Sport being above politics is old idealism. Olympic officialdom ostracised Tommie Smith and John Carlos for their Black Power salute on the rostrum of the 1968 Mexico City Olympic Games, but today’s athletes are willing to make – or willing to be pushed into making – humanist and political statements. Turn on any match on Sky Sports or BT and you will see slogans supporting Black Lives Matter, LGBT+ rights and the causes of our times.
The supposed innocence of sports is gone. The broadcasters, and some players in all sports, no longer think we can treat athleticism as being
purely of the body and either above or separate from human rights. Or
wrongs.
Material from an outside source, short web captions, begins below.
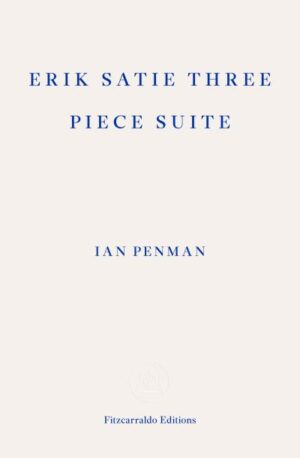 Erik Satie three piece suite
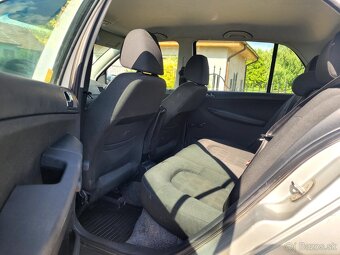 ŠKODA FABIA 1.2 BENZIN 47KW ELEGANCE - 11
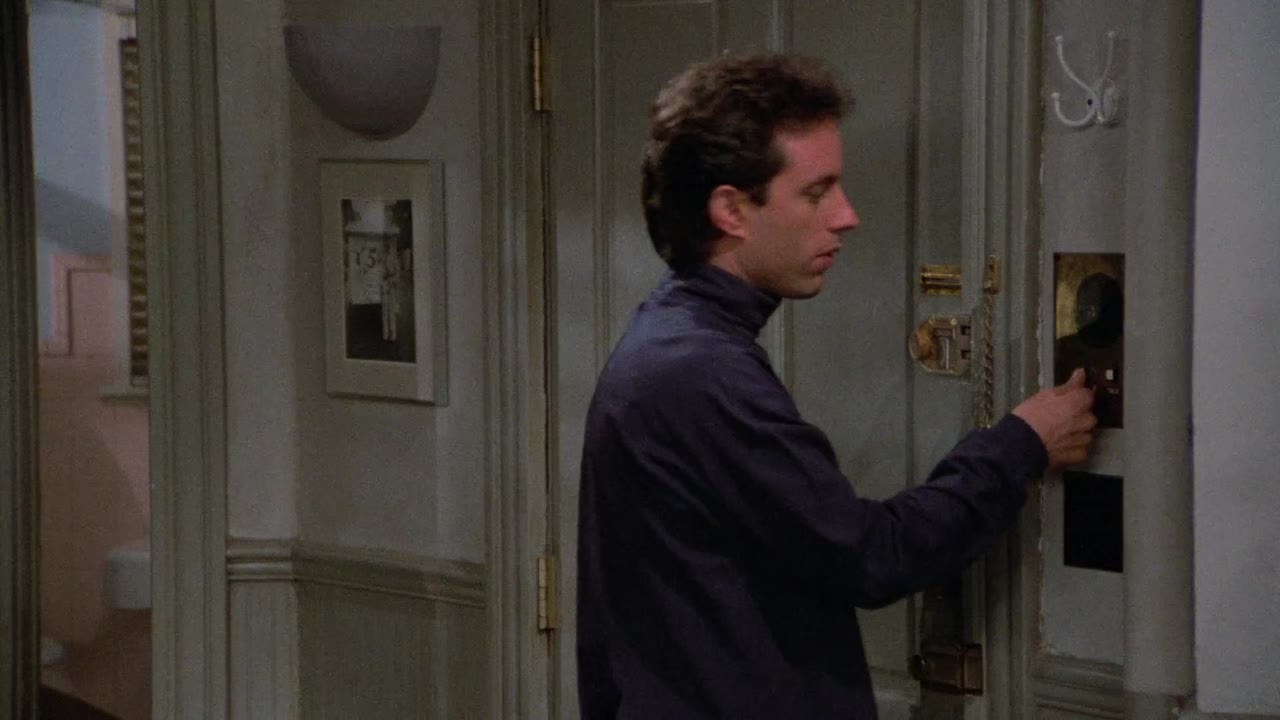Seinfeld (Phần 4) tập 14 cảnh 3
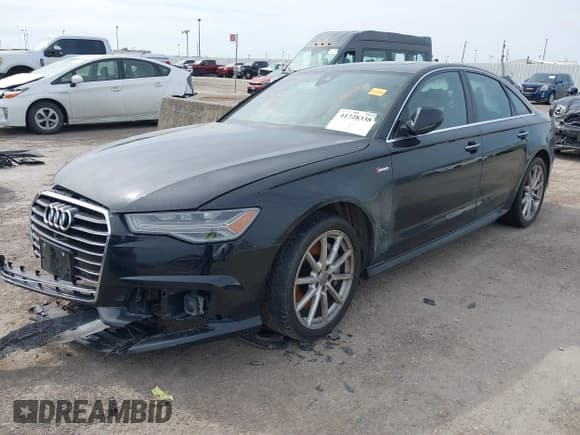 ✅ 2017 Audi A6 Prestige • VIN: WAUH2AFC5HN049646 • Lot: 41728338. Wystawiony na IAAI z przebiegiem 63 353 mil. Bezpłatny archiwum sprzedaży aukcyjnych z USA i szczegółowy raport historii pojazdu na DreamBid. Zdjęcie 18.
For me, the playing of national anthems, promoting nationalism, long ago contradicted this supposed separation.
But listen to the hypocrisy of Fifa president Infantino, lecturing us by video message on the kingdom where the World Cup will be played. “We always said Qatar will deliver the best-ever edition of the Fifa World Cup,” he pronounced. “As you look around the country at the state-of-the-art stadiums, the training pitches, the metro, the wider infrastructure, everything is ready and everyone is welcome.”
Welcome, in a land so homophobic it criminalises single sex couples? “Let
me repeat this clearly,” Infantino went on, “everyone will be welcome regardless of their origin, background, religion, gender, sexual orientation or nationality.” He can promise that?
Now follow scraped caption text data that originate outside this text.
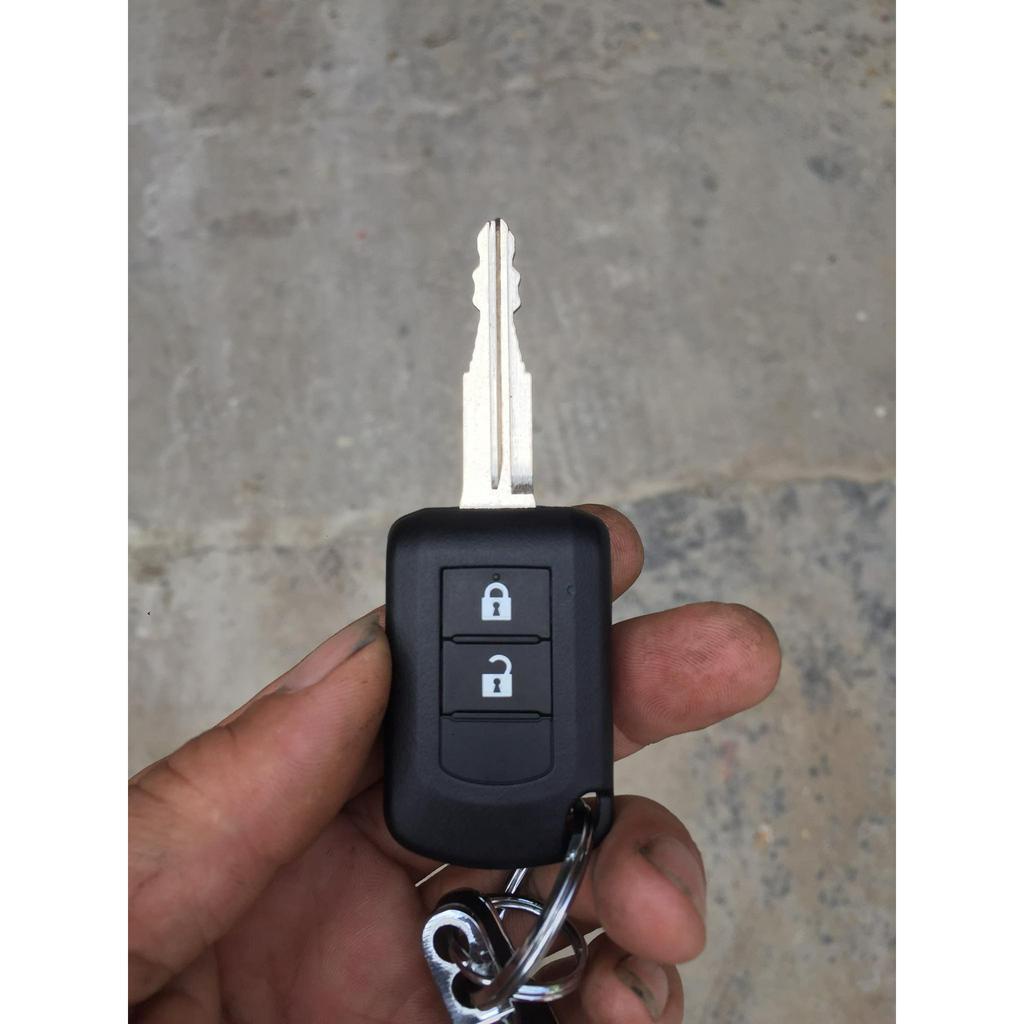 Ốp TPU bảo vệ chìa khóa cho dòng xe MITSUBISHI Chìa cơ .... Ốp khóa bảo vệ chống xước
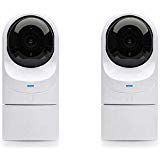 Ubiquiti Networks 2 Pack UniFi UVC-G3-FLEX HD Indoor/Outdoor IP Camera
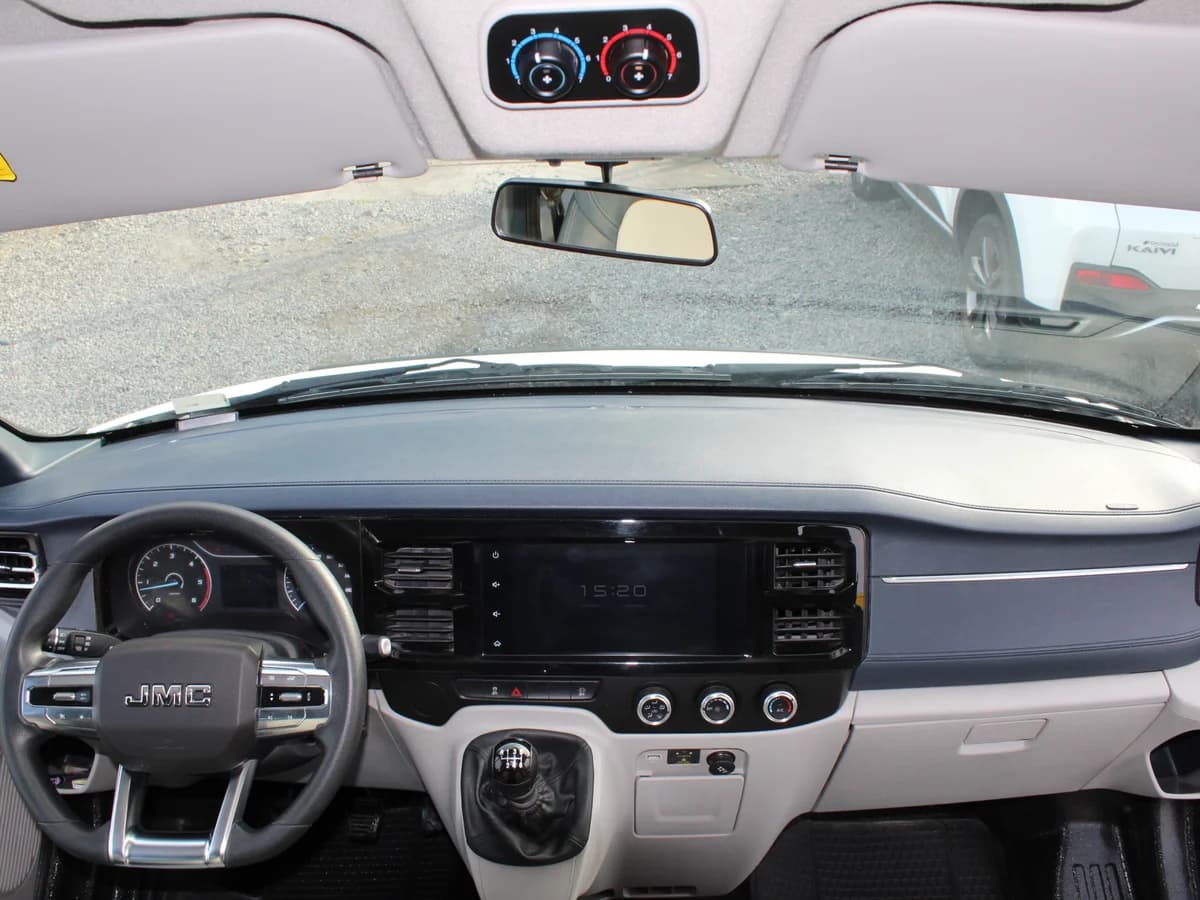 JMC NEW TOURING 2.0 L1H2 DIESEL 2025 - Imagen 9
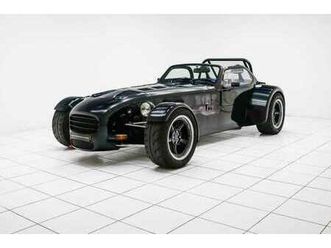 donkervoort d8 1.8 audi 180/r - carbon - kill switch - 1 of 29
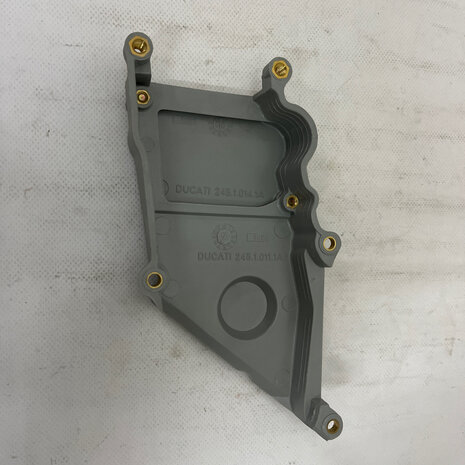 CENTRAL COVER TIMING SIDE  - 24510111ab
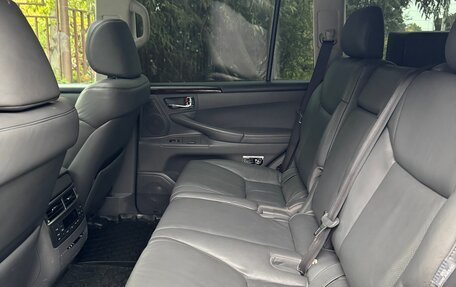 Lexus LX III, 2008 год, 2 750 000 рублей, 21 фотография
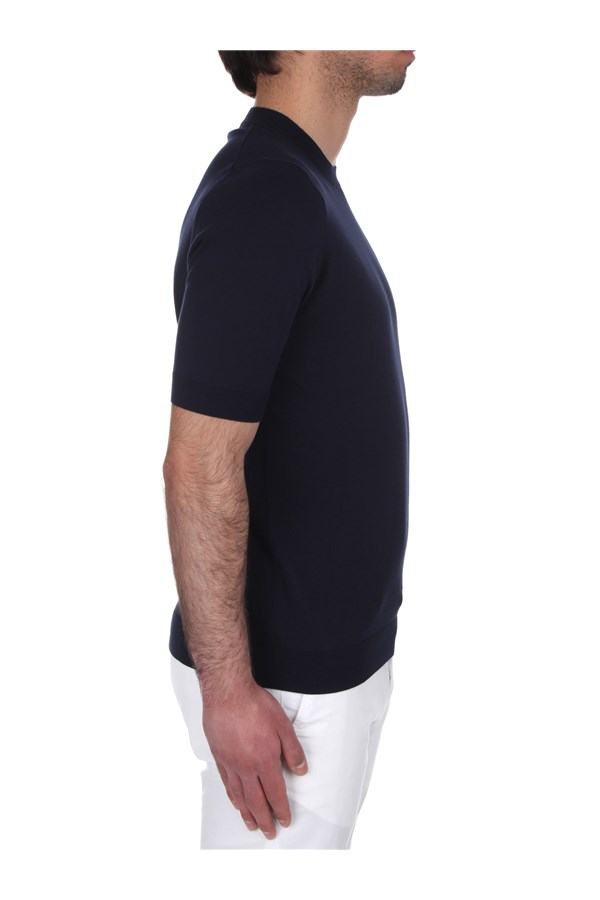 Ballantyne T-shirt In Maglia Uomo B2W035 18C23 13777 7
As to human rights and the estimates of thousands of migrant workers killed by toiling in inhumane heat while building the stadiums and the infrastructure, Infantino praises Qatar’s “ground-breaking reforms changing the lives of thousands of workers for the better.”
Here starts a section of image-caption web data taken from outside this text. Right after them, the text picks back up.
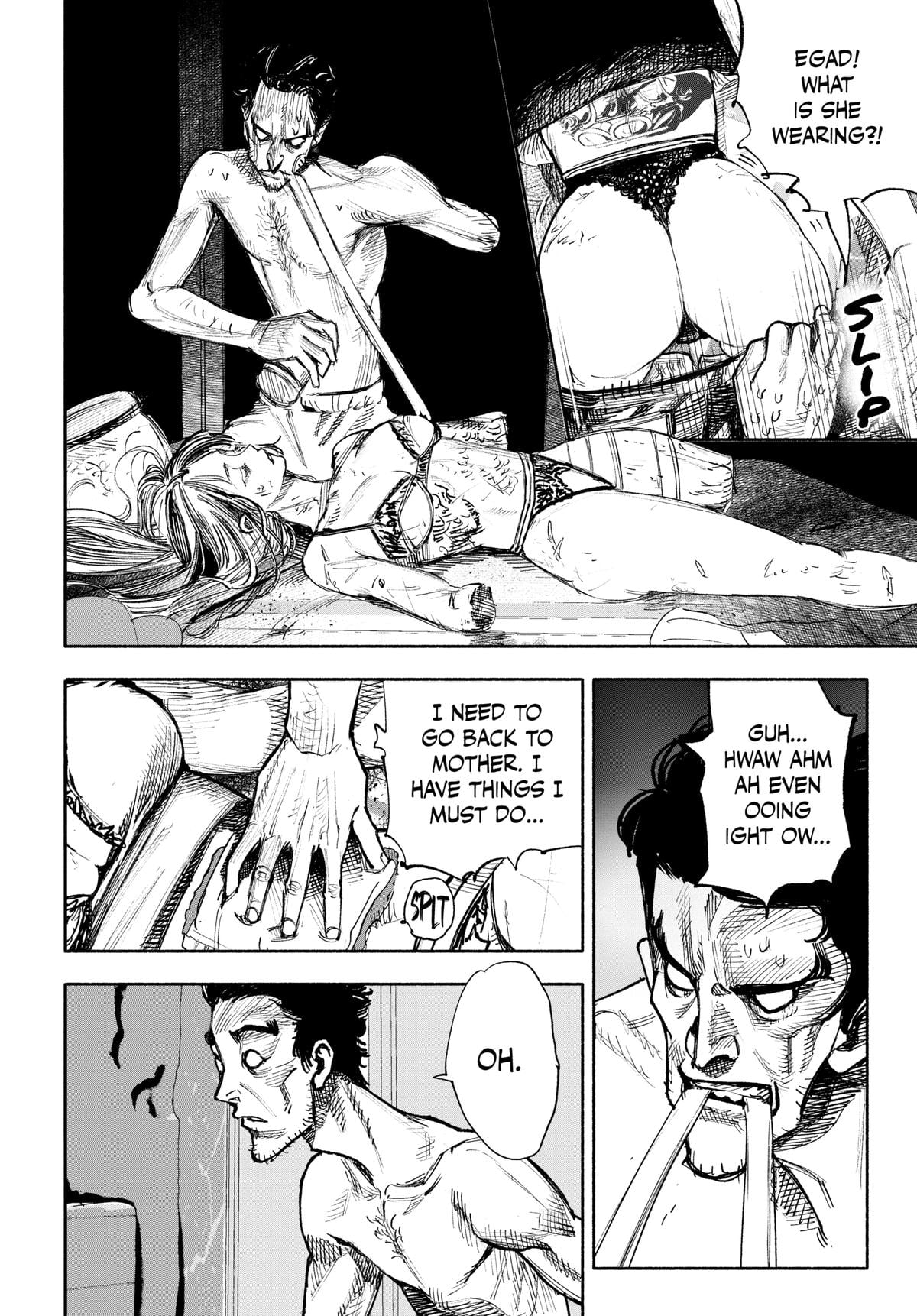 Read Choujin X (en) Manga Online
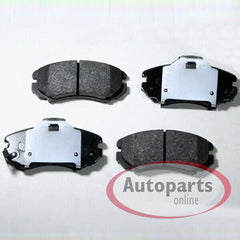 NEU 280mm + 262mm Bremsscheiben Set vorne hinten für Hyundai Tucson JM 2004-2007
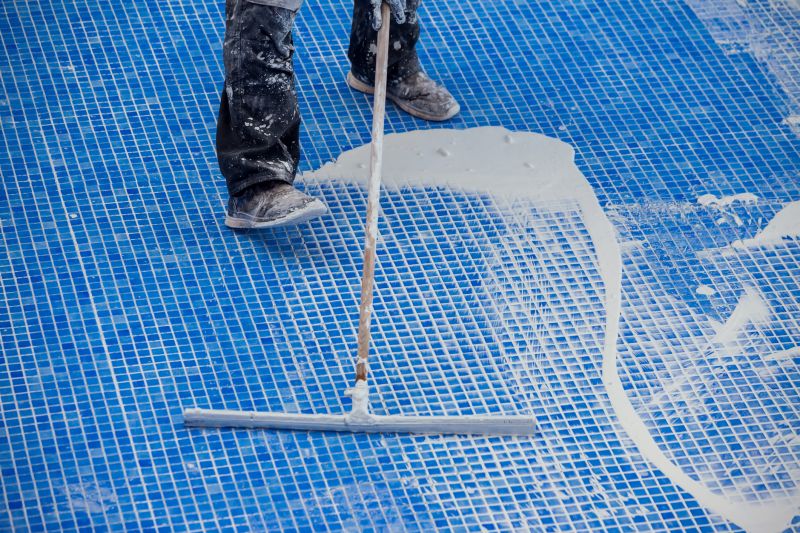 Pool Resurfacing Process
Infantino speaks with vested interest. Fifa goes where the money is, sportswashes the events, banks the profits, and moves on. But these are
playgrounds for the young, the gifted, like England’s Jude Bellingham and
Germany’s breathtakingly precocious Jamal Musiala. Both play with vision
far beyond their 19 years, just as Kylian Mbappé did in Russia four years ago.
Make that four and a half years ago. I almost forgot this is a winter World Cup from a European perspective. But while the heart and the eyes smile in
anticipation for what youth might deliver over the next month, Eric Cantona, that gifted rebel of his time, commented the other day that you cannot condemn a 20-year-old player, who has a 10-year career ahead of him and who lives in a world surrounded by football 24 hours a day, from going to the ball on any territory.
Instead, Cantona said: “Speak about the federations, about politicians who
had the power to say ‘No, we do not go to the World Cup.’”
No, indeed. Mark Drakeford, a man of Labour and of the people in Wales,
said last month that he will go to Qatar. Not simply to bask in the glory that
Wales has reached the finals for the first time since the John Charles, Jack
Kelsey, Ivor Allchurch and Cliff Jones team went to Sweden in 1958, but “to
promote Wales and engage in diplomacy”.
One eye laughs for Wales. The other finds it difficult to ignore where the
players are led to go. That, however, must be unjustified trepidation because what can be wrong with a tournament that has David Beckham as its poster boy and will have Robbie Williams and the American group Maroon 5 and rapper Post Malone performing concerts?
Beckham, now 47, says, through his spokespersons, that he’s been coming
to Qatar for years. He’s seen the hospitality, the warmth of the people. “We talk about football being for everybody,” Beckham’s statement goes, “and this is the first time the World Cup is being hosted in this region. That is an incredible moment.”
Incredible, too, are the fees, reportedly between £10m and £15m per year for 10 years that the state of Qatar has paid Goldenballs to promote their state.
Maybe with one eye laughing, and the other closed.